▸ Records for this task:
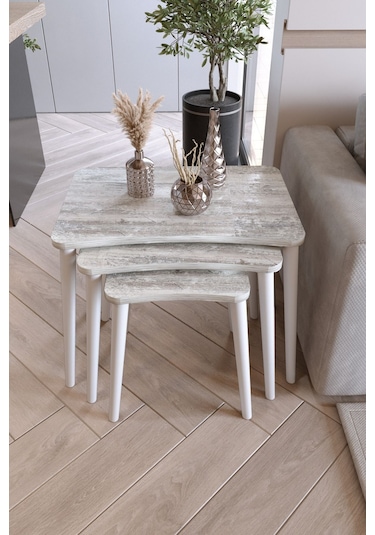 Zuesse Dizayn Beyza 3lü Zigon Sehpa & Yan Sehpa Beyaz Ahşap Ayaklı Salon Seti Çay Sehpası - Kristal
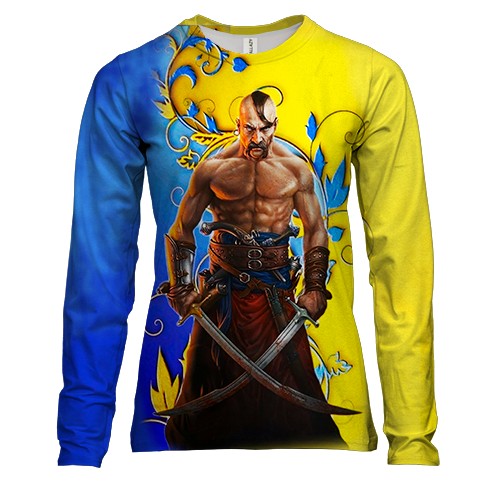 Женский 3D лонгслив Казак с мечами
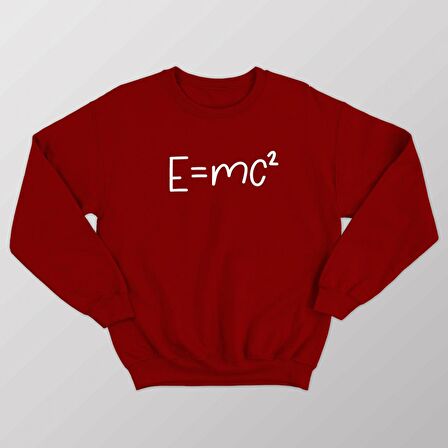 PROSPETTIVA KADIN KIRMIZI OVERSIZE KALIN İÇİ POLARLI E=MC2 / KÜTLE ENERJİ SYMBOL SWEATSHIRT
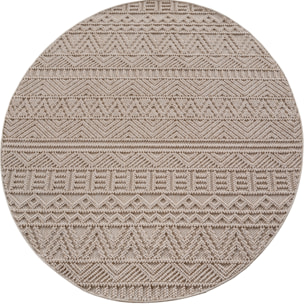 HELIX - Tapis moderne rond effet laine bouclé à motif berbère en relief beige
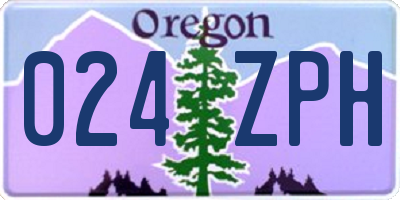 OR license plate 024ZPH
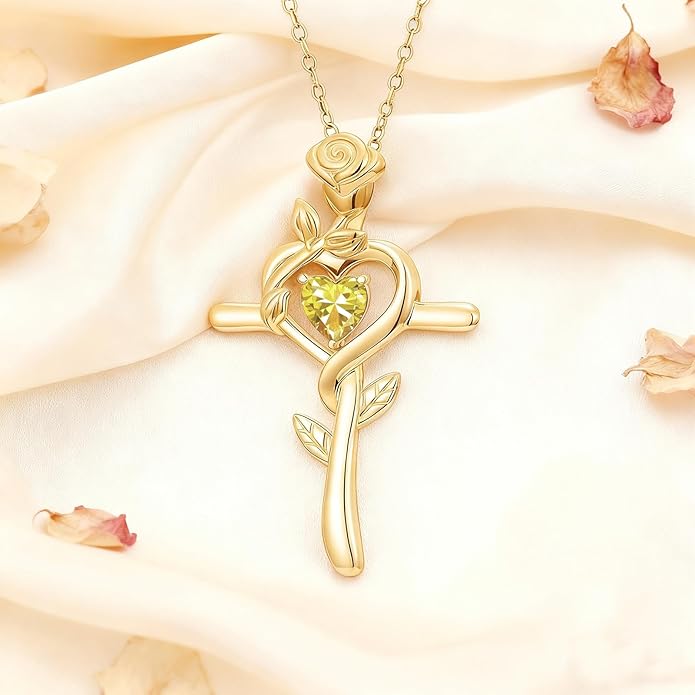 Midari 18K Yellow Gold Cross Pendant Rose Birthstone Necklaces for Women Christian Cross Jewelry with 12 Months Birthstone Birthday Gifts for Wife Her Daughter Mom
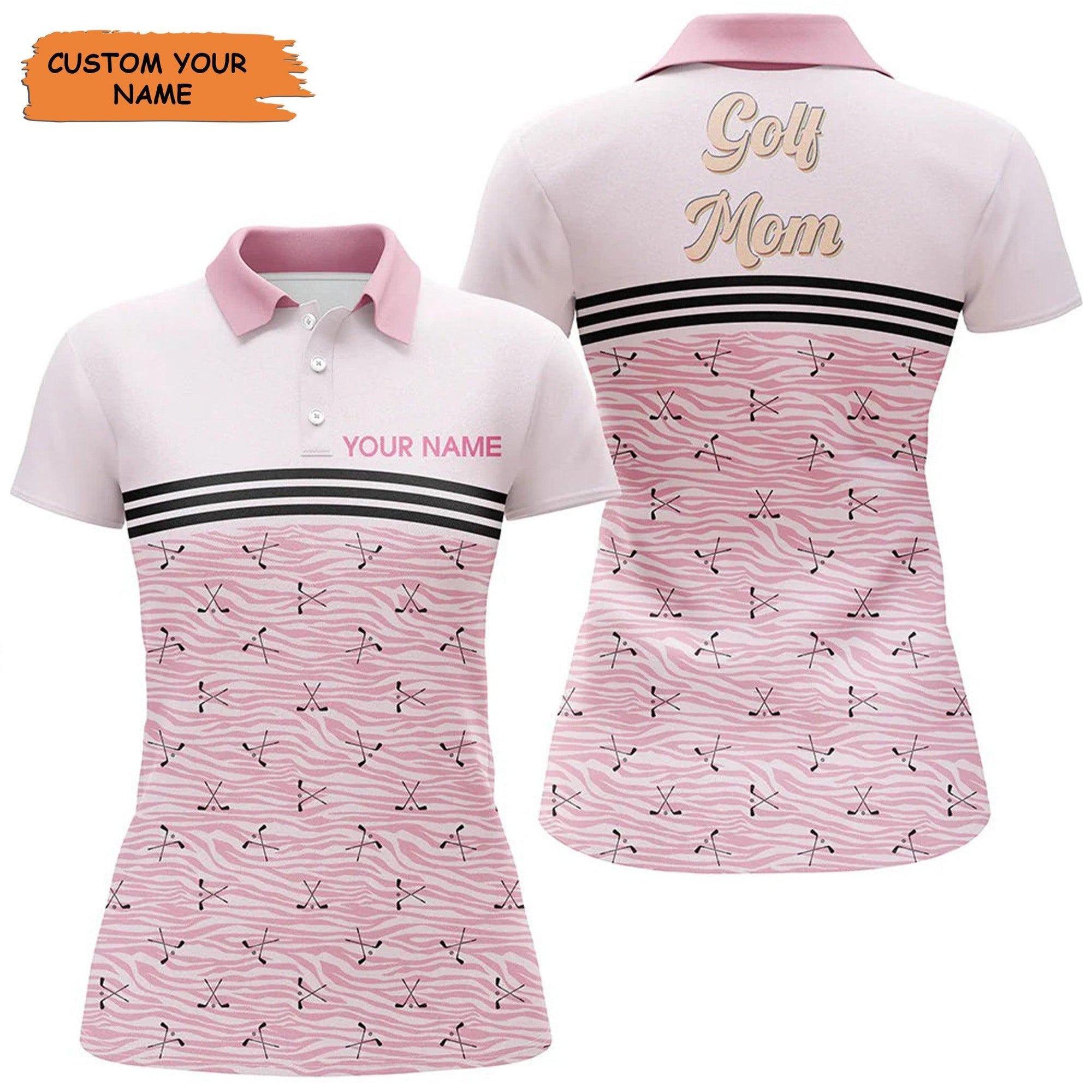 Customized Name Golf Women Polo Shirts, Pink Golf Clubs Zebra Pattern Personalized Golf Mom, Mother's Day - Perfect Gift For Golfers, Golf Lovers - Amzanimalsgift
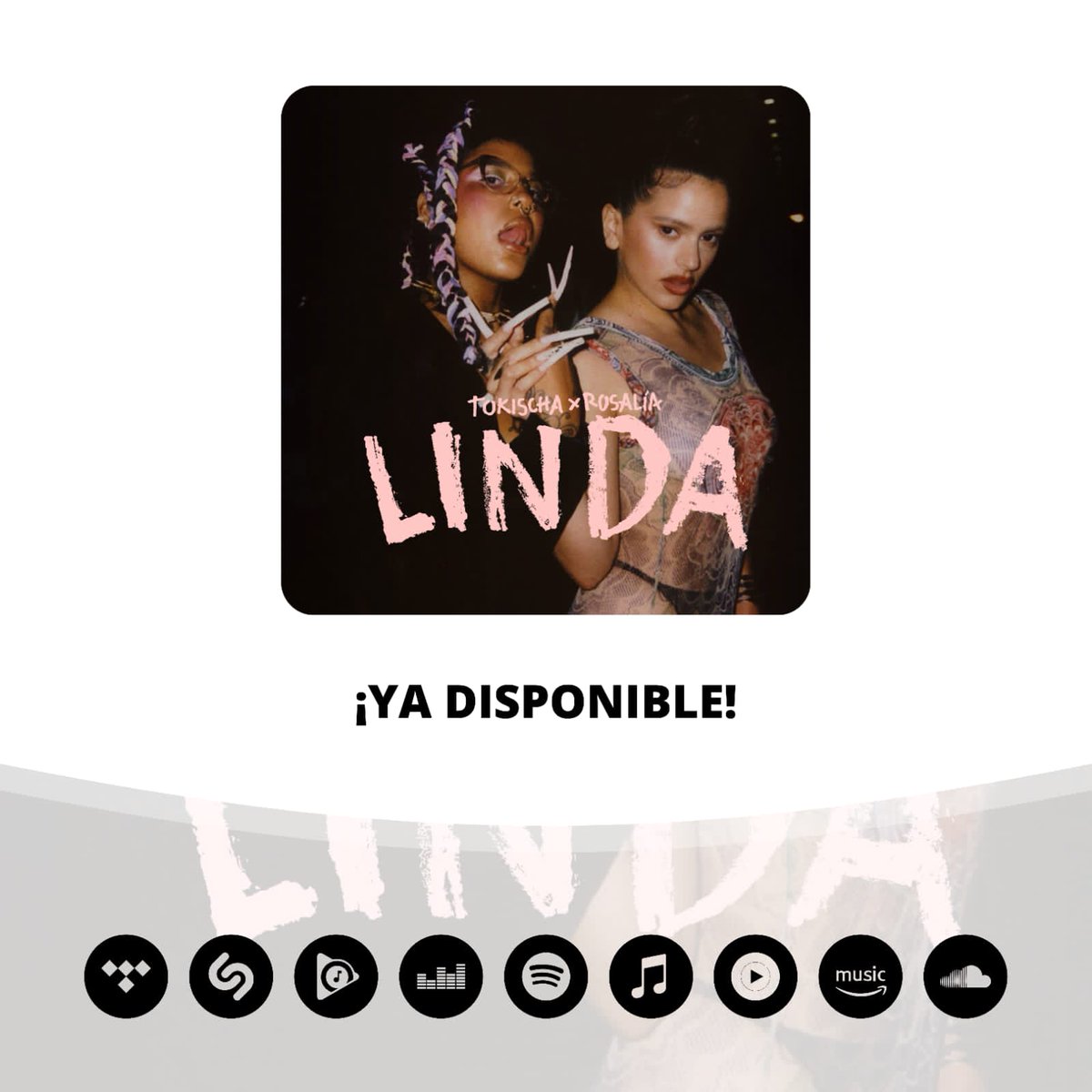 OrgFandomsPy's tweet image. 🆕|#Linda de Tokischa y Rosalía ya se encuentra disponible en todas las plataformas digitales de música!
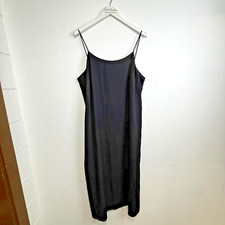 Vintage Y2K Black Slip Dress Positive Attitude Sleeveless Mid-Length 1990s Women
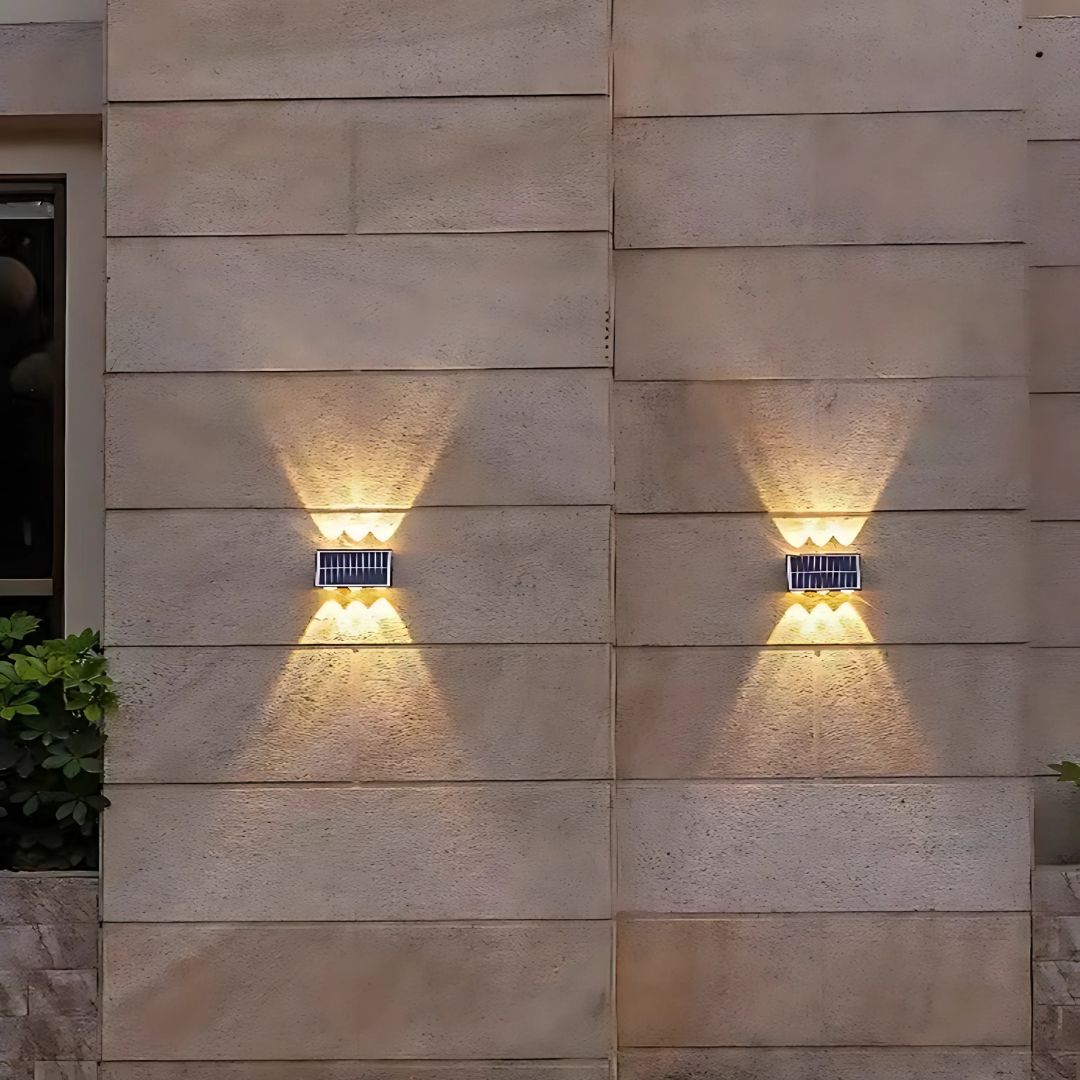 Solaris kültéri LED fali lámpa, 6 fényforrás, meleg fény, fekete kültéri fali lámpa Alapértelmezett cím Alessandro Design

▸ Task instructions:
Give back exactly the lines above that run from the one with "HELIX - Tapis" to the one with "OrgFandomsPy's tweet image.", including both, with the pictures left out.

▸ The answer:
 HELIX - Tapis moderne rond effet laine bouclé à motif berbère en relief beige
 OR license plate 024ZPH
 Midari 18K Yellow Gold Cross Pendant Rose Birthstone Necklaces for Women Christian Cross Jewelry with 12 Months Birthstone Birthday Gifts for Wife Her Daughter Mom
 Customized Name Golf Women Polo Shirts, Pink Golf Clubs Zebra Pattern Personalized Golf Mom, Mother's Day - Perfect Gift For Golfers, Golf Lovers - Amzanimalsgift
 OrgFandomsPy's tweet image. 🆕|#Linda de Tokischa y Rosalía ya se encuentra disponible en todas las plataformas digitales de música!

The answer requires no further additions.